This is the mail archive of the
gcc@gcc.gnu.org
mailing list for the GCC project.
Re: [tree-ssa] New regressions as of 2003-11-04
On Wed, 2003-11-05 at 09:58, Jan Hubicka wrote:
> > On Wed, 2003-11-05 at 04:20, Jan Hubicka wrote:
> > > > On Tue, 2003-11-04 at 16:17, law@redhat.com wrote:
> > remove_useless_stmts_and_vars_cond could keep the cfg updated if it
> > wanted to. It didnt before becuase it was thrown away immediately
> > aftewards, so what was the point. Now perhaps there is a point.
>
> We can do it that way, but the function should be mostly NOOP now.
> cleanup_cfg+dead code removal should've caught all cases previously.
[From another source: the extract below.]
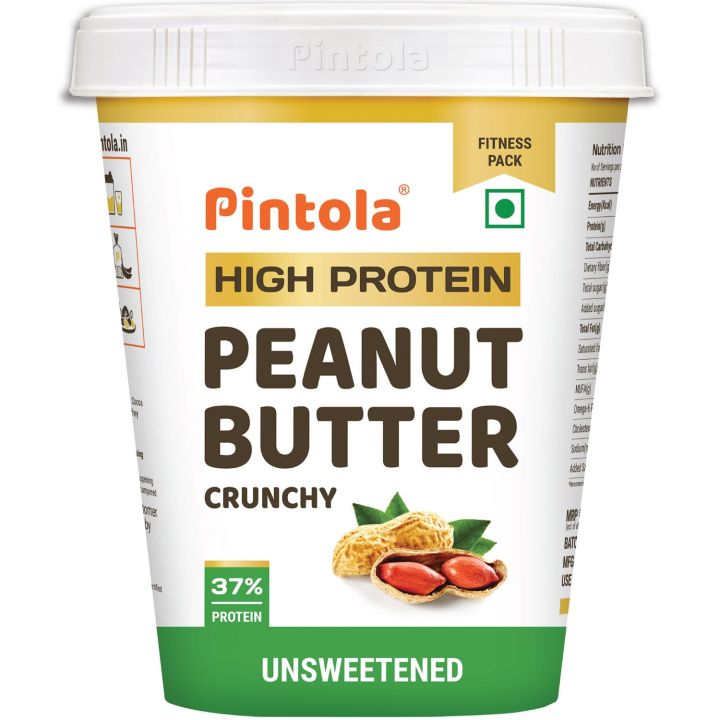 Pintola High Protein All Natural Peanut Butter | Unsweetened | 37% Protein | Imported Whey Protein and Roasted Peanuts (Crunchy, 1kg)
I think it rips out VAR_DECLS which aren't used too from the variable
lists. Not sure what else it does now.
> > Thats not going to change the number of temporaries. None of the copies
> > inserted create new temporaries unless there is a cycle, and you cant
> > avoid creating one in that case.
>
> The point is that we *want* to create temporary registers so unless
> there is good reason to do so, we don't want single register to be set
> two times. That confuses RTL.
>
Setting a single register more than once confuses RTL? Im not sure I
follow. That would imply RTL is SSA :-)
The register allocator ought to be smart enough to tell when two
disjoint live ranges use the same register, and rename one of the
registers to something else to allow them to prevent artifical
interferences. Thats pretty standard register allocation machinery. Vlad
has this code a while ago, but it made something in SPEC worse so he
never followed up on it.
> > I have some ongoing work in SSA->normal which remove all temporaries
> > which are used only once. This reduces the number of temporaries
> > significantly. In many cases, the object footprint generated is even 10%
> > smaller.
>
> You mean that it will re-insert the expression back into the form
> (basically undoing the gimplification?)
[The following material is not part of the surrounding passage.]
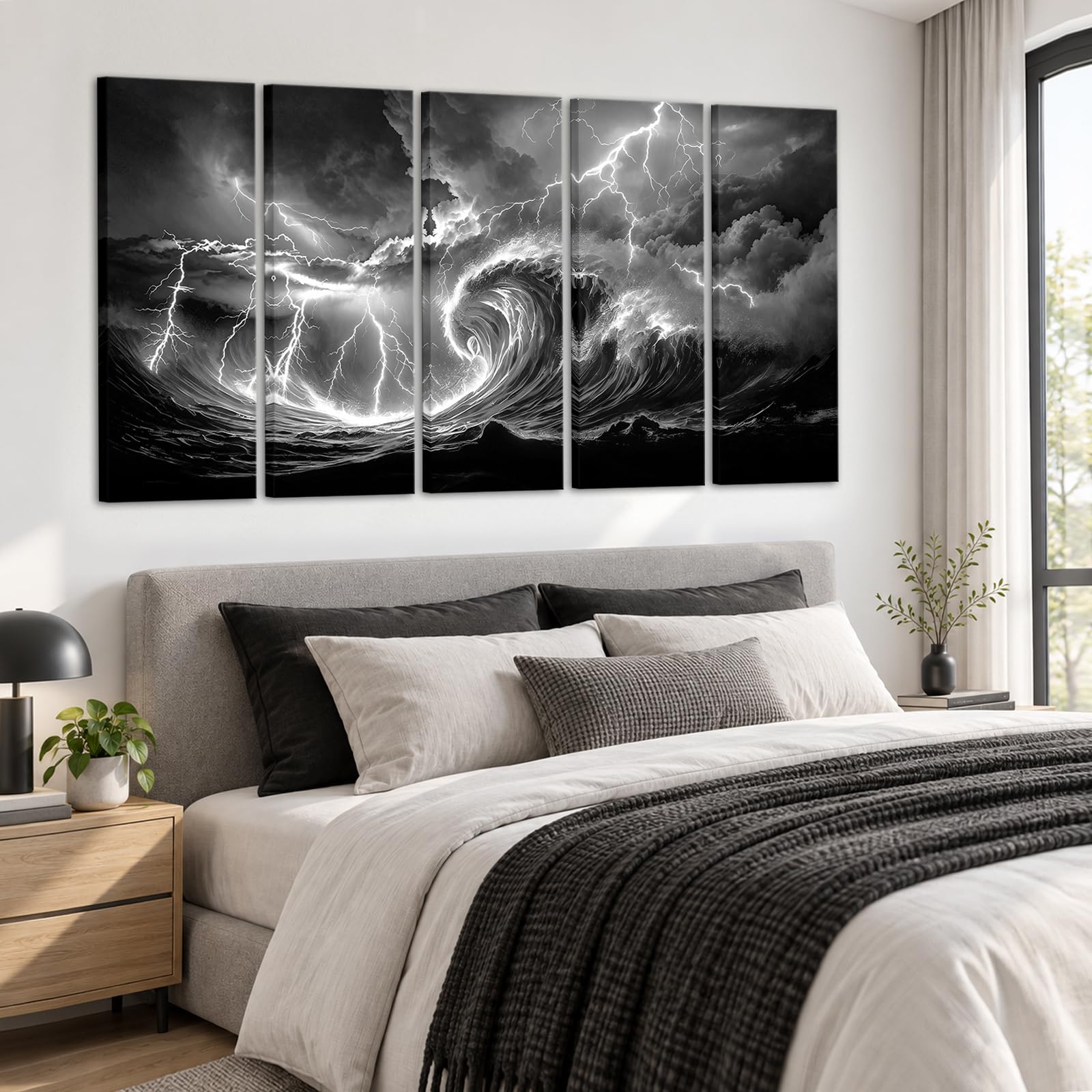 Biuteawal 5 piezas de arte de pared con diseño de olas del océano, relámpago, blanco y negro, imágenes enmarcadas de paisaje marino, decoración moderna para el hogar y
> Yes, that would help too.
Yes, the code coming out of SSA will no longer be GIMPLE.
> >
> > If live ranges are disjoint for the same variable, we ought to be using
> > Vlad's code which splits disjoint live range on registers. He has it,
> > but hasnt submitted it for mainline because it wasn't doing enough good.
>
> webizer split's the disjoint live ranges too. That is what I did.
> It is, however, unnecesary to do so since we can do it for free while
> going out of SSA.
> Of course in case we end up with SSA, I will just propose patch to run
> limited webizer when optimizing early in the queue.
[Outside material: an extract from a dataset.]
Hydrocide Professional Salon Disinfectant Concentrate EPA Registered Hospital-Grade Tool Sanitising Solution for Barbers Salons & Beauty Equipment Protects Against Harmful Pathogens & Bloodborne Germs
I think register allocation is the right place to be splitting disjoint
live ranges. I've worked on other compilers where the backend *tries* to
do exactly what gimplification does, provide a canonical definition for
a register. (In fact, it had a seperate pass to re-canonicalize the code
part way through). Then the register allocator sorts it out to make sure
there are no artifical conflicts. I dont see why other optimizations
should be confused by this behaviour... I presume we do get confused
somewhere tho or you wouldn't have brought it up :-). Where do we get
confused?
> > So you would assign every SSA_NAME variable a unique register, and
> > generate rtl directly? You would still have to attempt to coalesce any
>
> Kind of. The out-of-SSA pass works by first deciding how to match
> SSA_NAMES to variables and then do the rewriting.
> We can do the second part easilly without rewriting during expansion
> time and in addition we can manage thinks in a way so we don't need to
> invent new DECL_NODEs for temporaries saving some overhead.
> Not sure.
Wll, SSA->normal introduces few new VAR_DECL nodes. Only when 2 SSA
versions overlap do we get a new one, and its pretty goopd at producing
a minimal number of them. It will try to coalesce as many as possible
with the original variable. If we need a new variable, it tries to
coalesce as many of the remaininig versions as possible with the new
variable. That usually gets them all when there is overlap.
And yes, mapping SSA_NAMes to registers wouldn't be difficult in
expansion, as long as SSA->normal makes sure that all the unsafe stuff
has been taken care of already. I need to thikn about the ramifications
of that more. There are some nice properties to it on the surface at
least.
>
> We can insert the copies in RTL form already, so we save some extra
> trees.
yeah, but I dont think thats causing our highwater memory marks either.
We probably ought to be doing a garbage collection after we generate RTL
for each function tho. Maybe :-)
> >
> > Anyway, we'll see what kind of results I get with the temporary
> > elimination in SSA->normal that Im testing now. Its not a lot of code,
> > and is performed during the SSA->normal rewrite phase.
>
> OK, lets wait with this until the code is more stabilized and
> benchmarked. THen we will likely know how much burden the de-ssa pass
> is.
I had a run last night I wasnt too pleased with (bzip was much *slower*
for some reason), but my compiler was a little bit broken. Im doing more
runs today. I just ran crafty on my 1.8 Ghz x86, and it drops from 3.52
minutes to 3.34 minutes. That was the testcase that triggered me
looking into this.
Anyway, More results when I get them.
Andrew